Problem statement.
Transcribe only the lines of the listing below from the one holding "2025 Jeep Grand" through the one holding "Handgefertigter Korsettgürtel mit", inclusive, without any change.

Material shown.
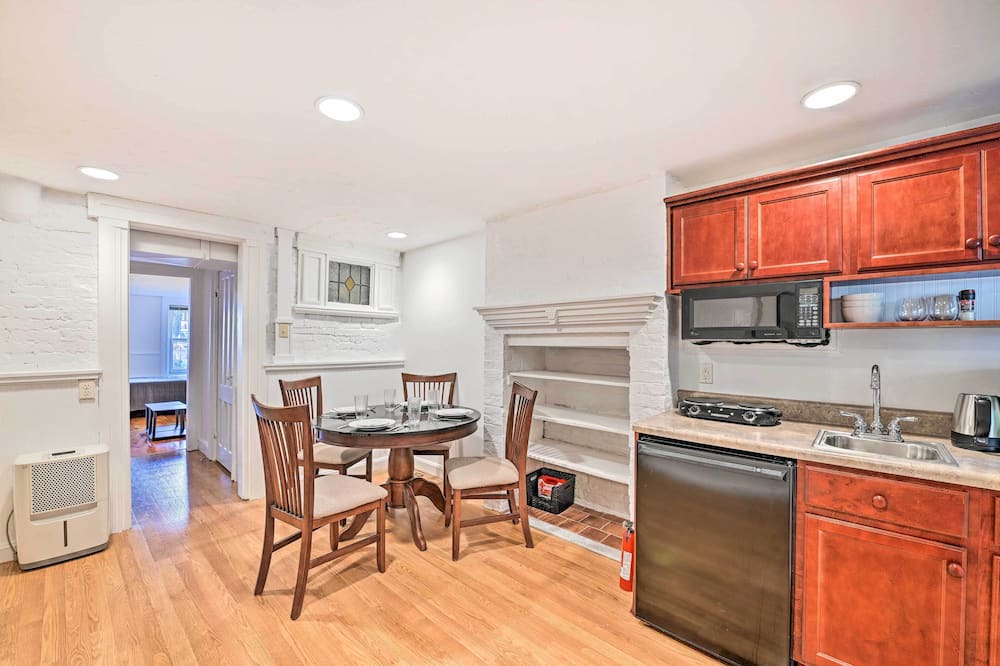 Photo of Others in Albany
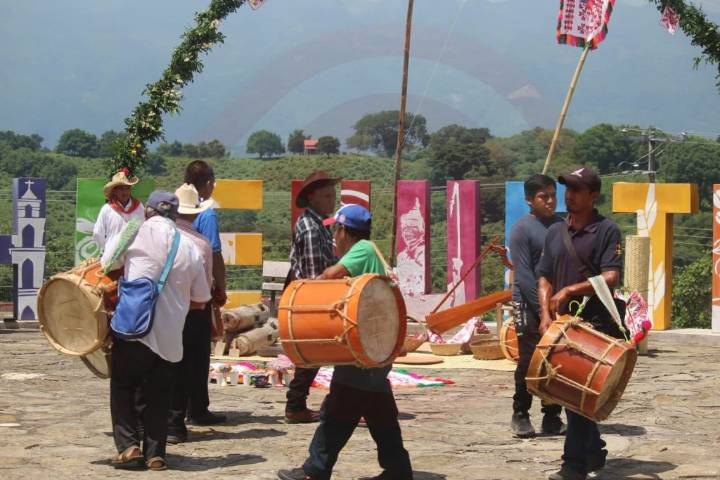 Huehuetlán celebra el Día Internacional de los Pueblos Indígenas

---

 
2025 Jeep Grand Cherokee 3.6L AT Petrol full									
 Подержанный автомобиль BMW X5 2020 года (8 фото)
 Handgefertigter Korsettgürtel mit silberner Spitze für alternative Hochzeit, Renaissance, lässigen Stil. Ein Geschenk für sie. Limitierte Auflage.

Exercise answer.
2025 Jeep Grand Cherokee 3.6L AT Petrol full									
 Подержанный автомобиль BMW X5 2020 года (8 фото)
 Handgefertigter Korsettgürtel mit silberner Spitze für alternative Hochzeit, Renaissance, lässigen Stil. Ein Geschenk für sie. Limitierte Auflage.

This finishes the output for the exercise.